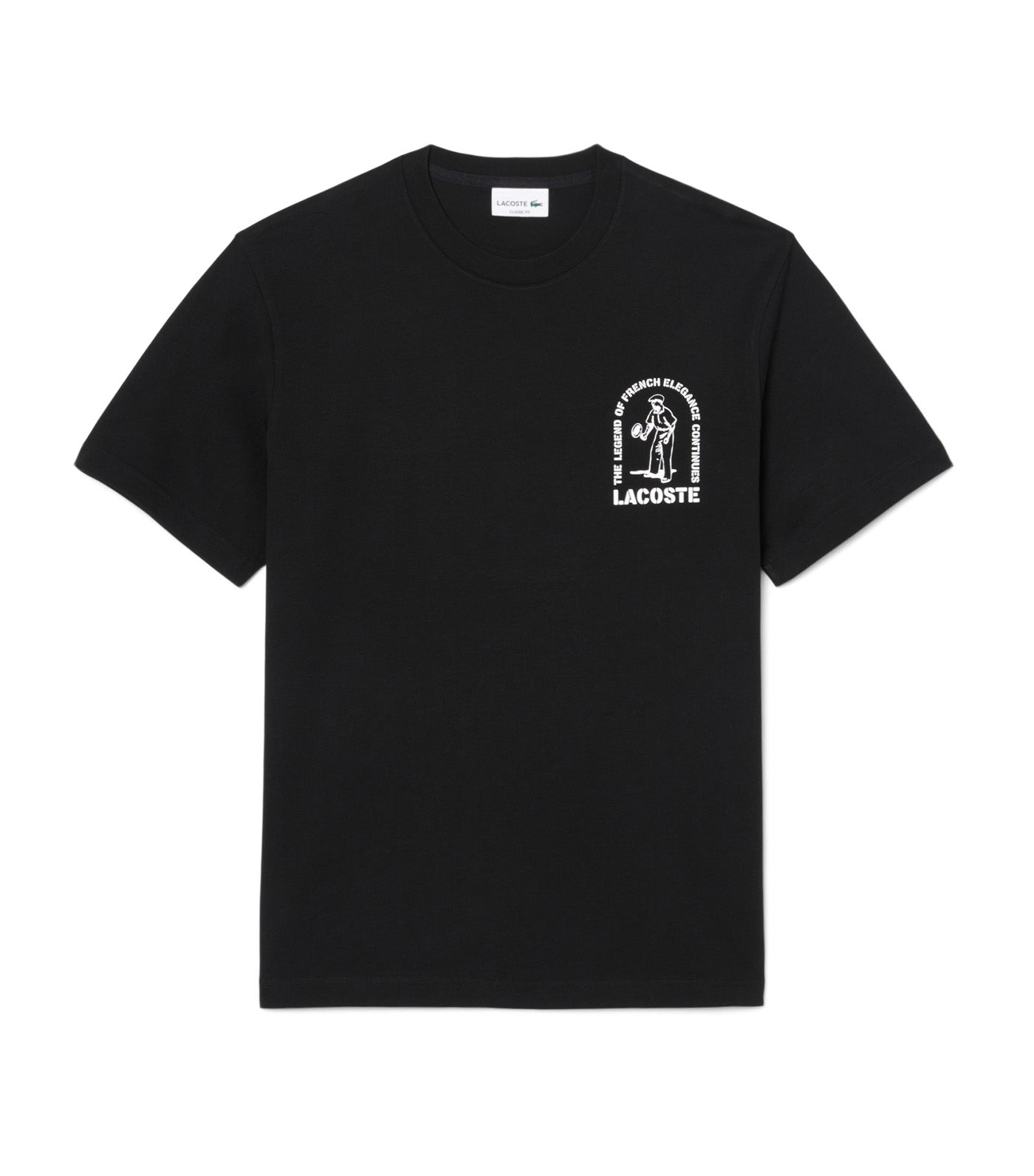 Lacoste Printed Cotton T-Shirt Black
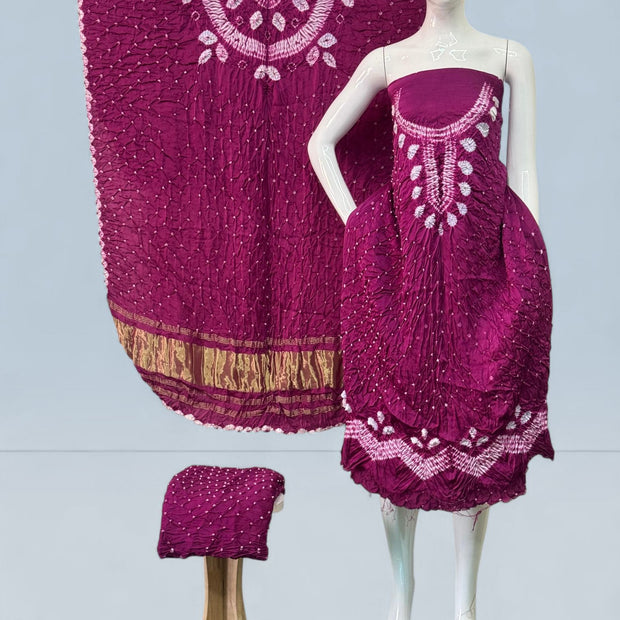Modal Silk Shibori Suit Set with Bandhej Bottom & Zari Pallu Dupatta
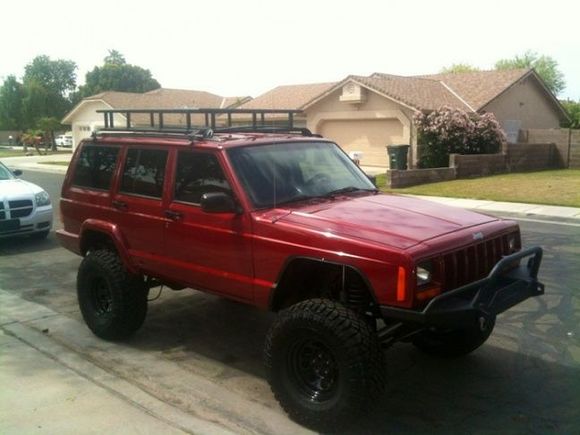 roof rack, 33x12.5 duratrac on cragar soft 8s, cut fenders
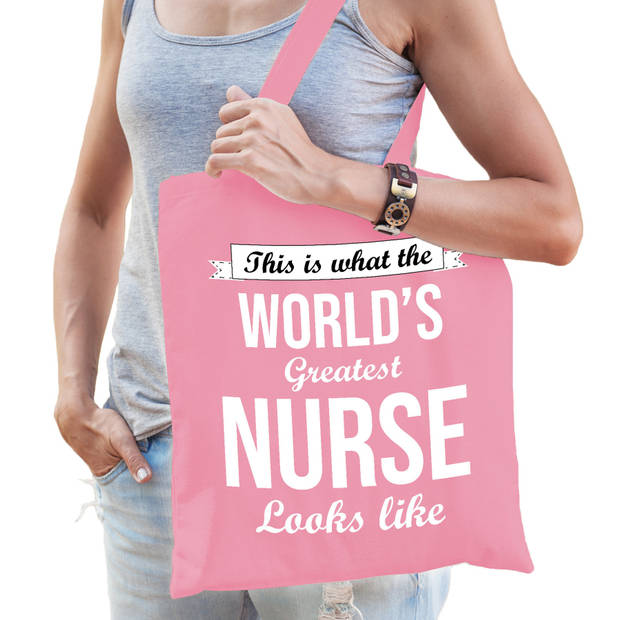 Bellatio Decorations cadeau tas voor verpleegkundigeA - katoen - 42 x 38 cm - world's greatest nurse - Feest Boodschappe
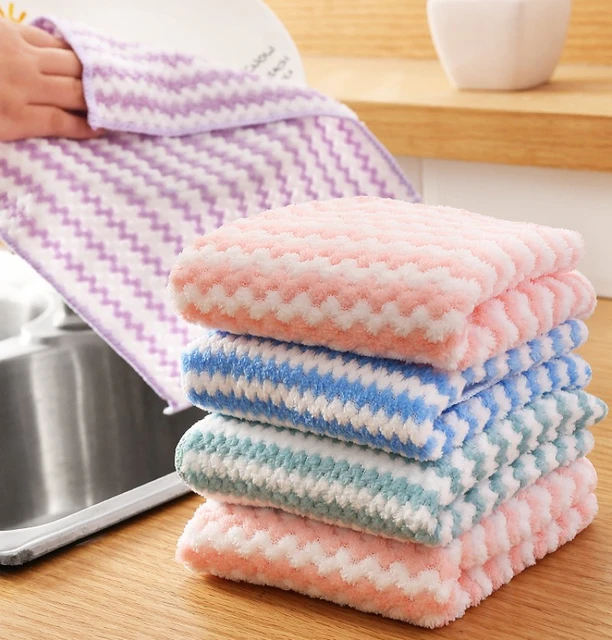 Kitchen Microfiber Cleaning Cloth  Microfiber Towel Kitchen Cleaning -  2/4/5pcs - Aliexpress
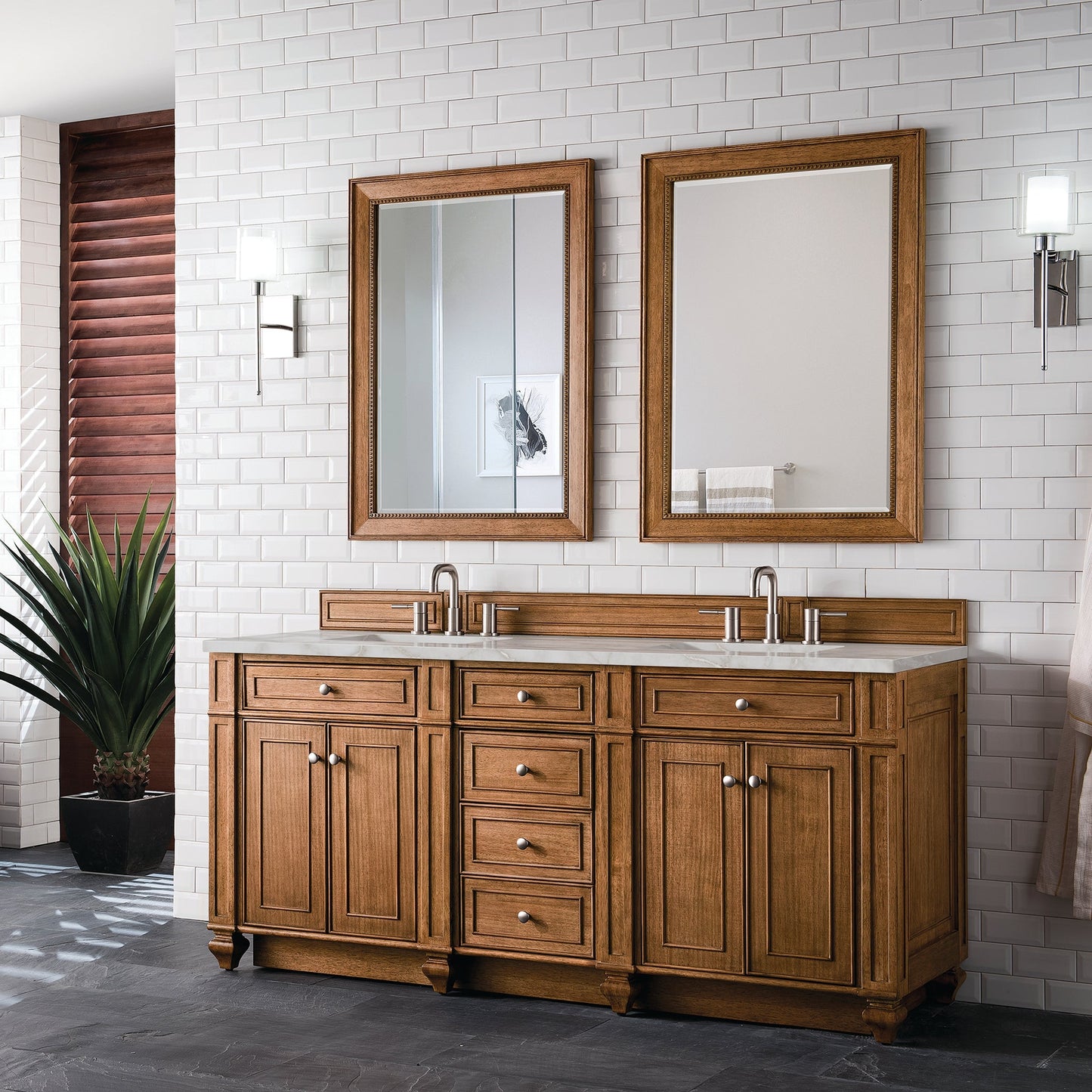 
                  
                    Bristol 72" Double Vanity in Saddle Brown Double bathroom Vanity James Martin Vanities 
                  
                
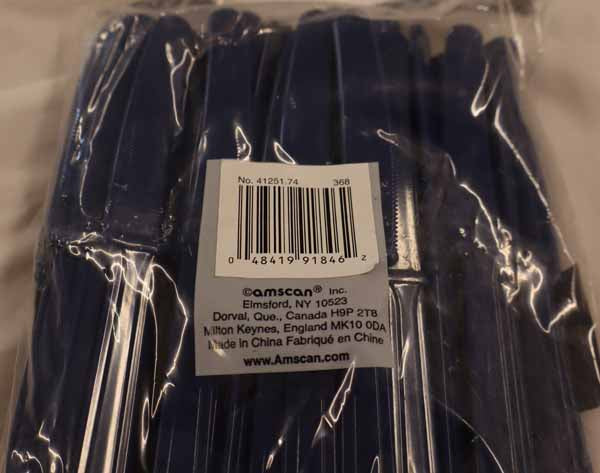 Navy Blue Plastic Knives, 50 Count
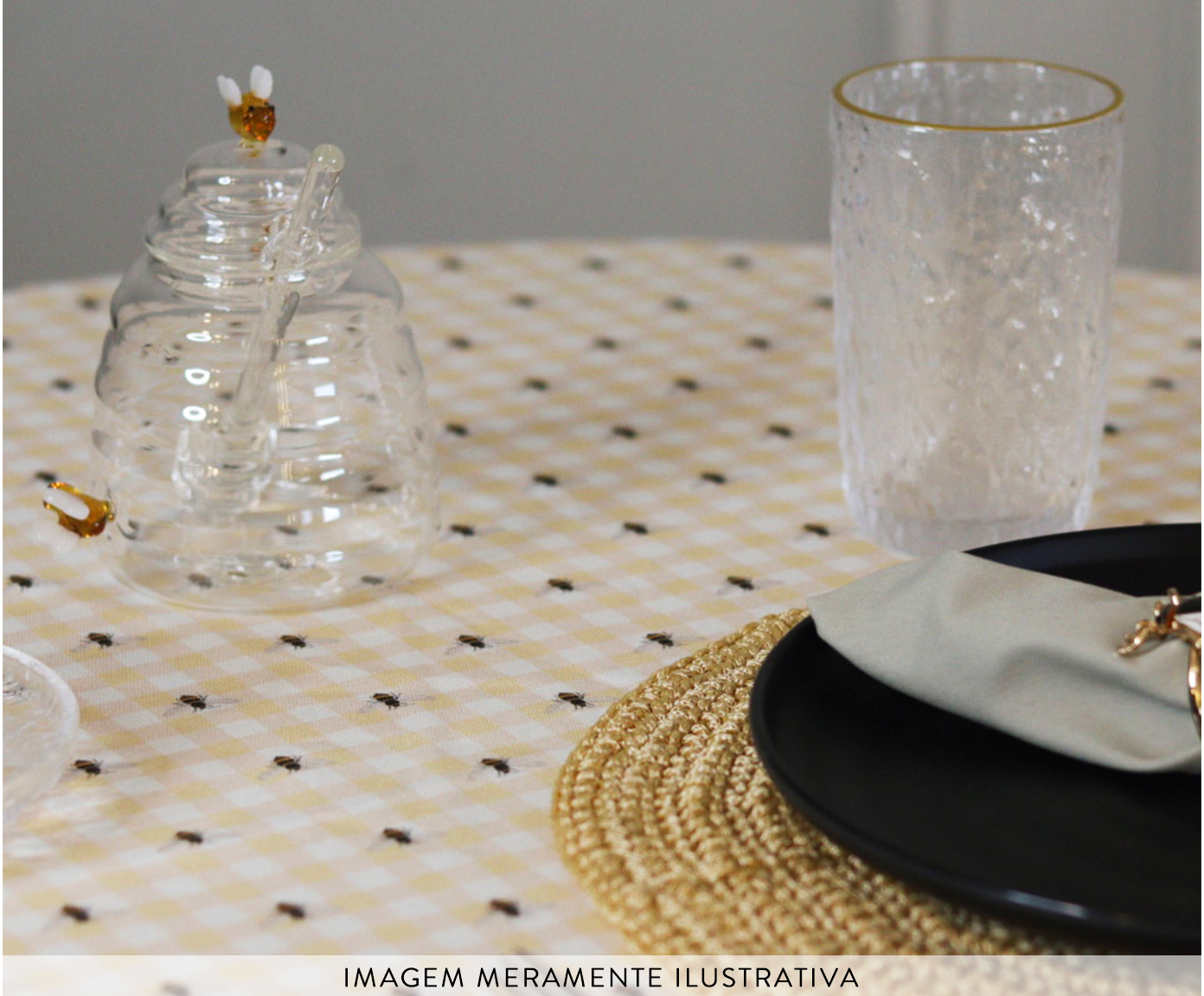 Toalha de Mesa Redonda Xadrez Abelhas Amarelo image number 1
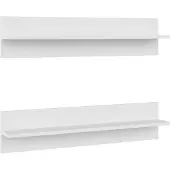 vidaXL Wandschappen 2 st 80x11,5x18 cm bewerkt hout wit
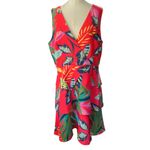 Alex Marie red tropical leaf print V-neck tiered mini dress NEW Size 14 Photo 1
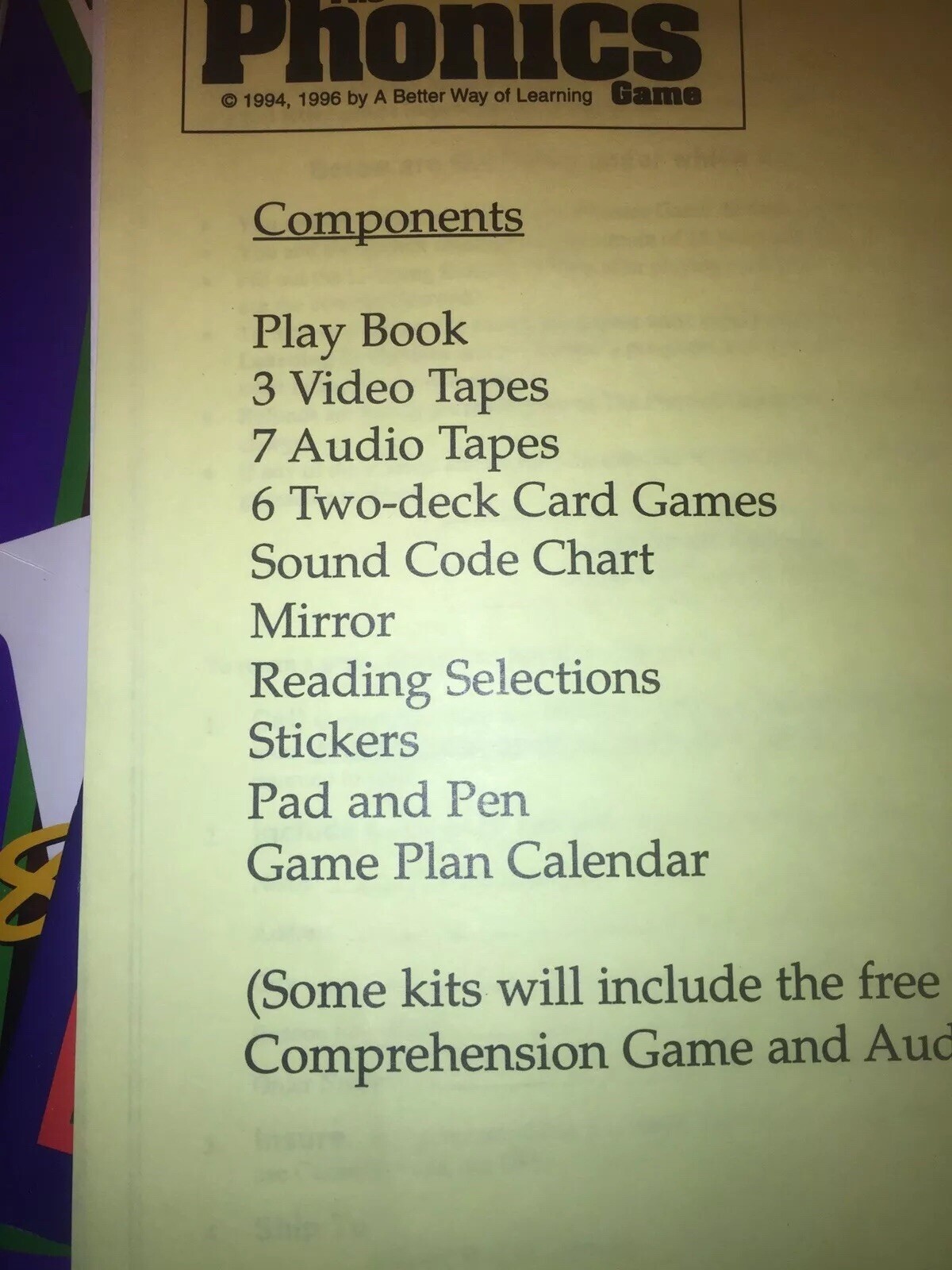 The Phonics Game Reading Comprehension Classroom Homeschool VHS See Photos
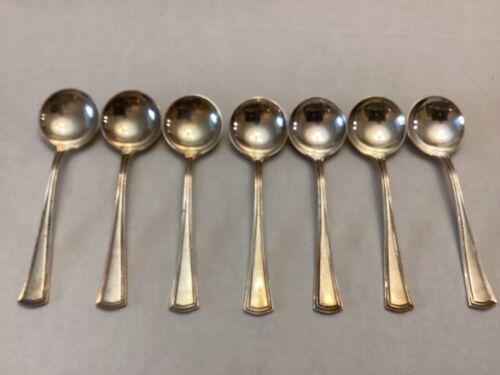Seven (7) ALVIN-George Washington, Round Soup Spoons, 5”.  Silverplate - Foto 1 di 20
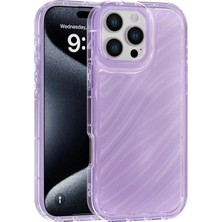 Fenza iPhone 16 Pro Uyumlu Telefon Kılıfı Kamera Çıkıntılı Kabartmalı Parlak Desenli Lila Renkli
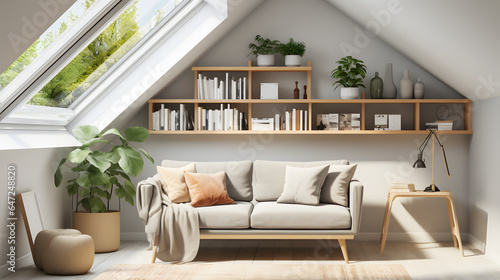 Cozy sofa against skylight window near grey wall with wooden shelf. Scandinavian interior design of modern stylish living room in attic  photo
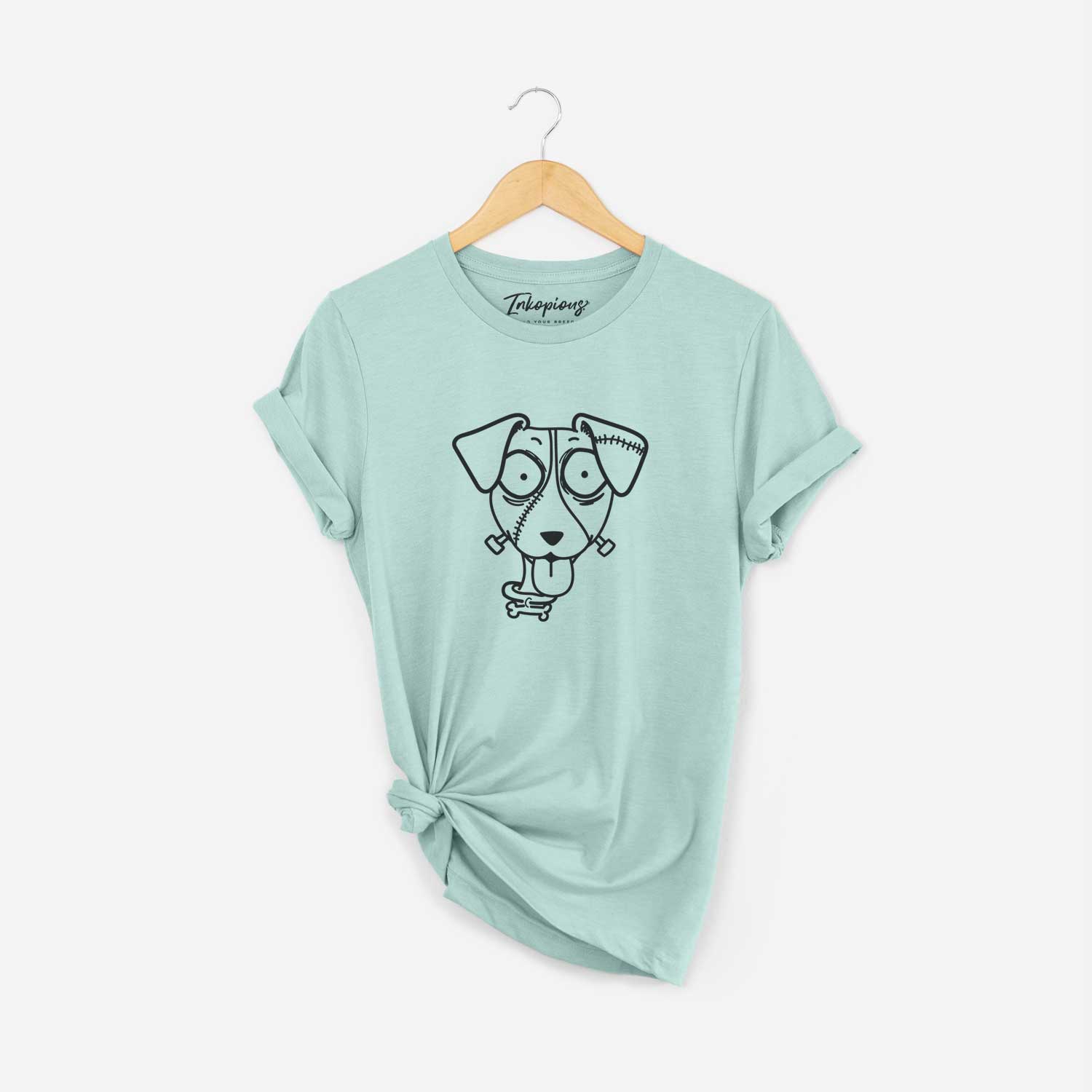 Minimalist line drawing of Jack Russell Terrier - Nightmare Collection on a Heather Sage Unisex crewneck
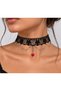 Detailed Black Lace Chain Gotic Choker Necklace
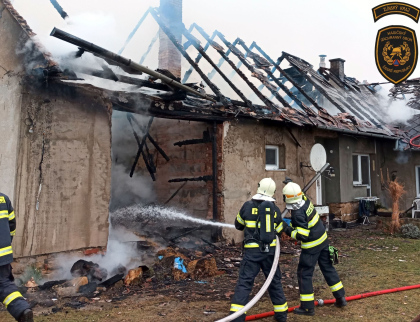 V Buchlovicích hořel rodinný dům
────────────────────
- Requirement
A faithful copy of the data above is wanted, with every image left out.

- Result for this exercise
 Lacoste Printed Cotton T-Shirt Black
Modal Silk Shibori Suit Set with Bandhej Bottom & Zari Pallu Dupatta
 roof rack, 33x12.5 duratrac on cragar soft 8s, cut fenders
 Bellatio Decorations cadeau tas voor verpleegkundigeA - katoen - 42 x 38 cm - world's greatest nurse - Feest Boodschappe
 Kitchen Microfiber Cleaning Cloth  Microfiber Towel Kitchen Cleaning -  2/4/5pcs - Aliexpress
                  
                    Bristol 72" Double Vanity in Saddle Brown Double bathroom Vanity James Martin Vanities 
                  
                
 Navy Blue Plastic Knives, 50 Count
 Toalha de Mesa Redonda Xadrez Abelhas Amarelo image number 1
 vidaXL Wandschappen 2 st 80x11,5x18 cm bewerkt hout wit
 Alex Marie red tropical leaf print V-neck tiered mini dress NEW Size 14 Photo 1
 The Phonics Game Reading Comprehension Classroom Homeschool VHS See Photos
Seven (7) ALVIN-George Washington, Round Soup Spoons, 5”.  Silverplate - Foto 1 di 20
 Fenza iPhone 16 Pro Uyumlu Telefon Kılıfı Kamera Çıkıntılı Kabartmalı Parlak Desenli Lila Renkli
 Cozy sofa against skylight window near grey wall with wooden shelf. Scandinavian interior design of modern stylish living room in attic  photo
 Minimalist line drawing of Jack Russell Terrier - Nightmare Collection on a Heather Sage Unisex crewneck
 Detailed Black Lace Chain Gotic Choker Necklace
 V Buchlovicích hořel rodinný dům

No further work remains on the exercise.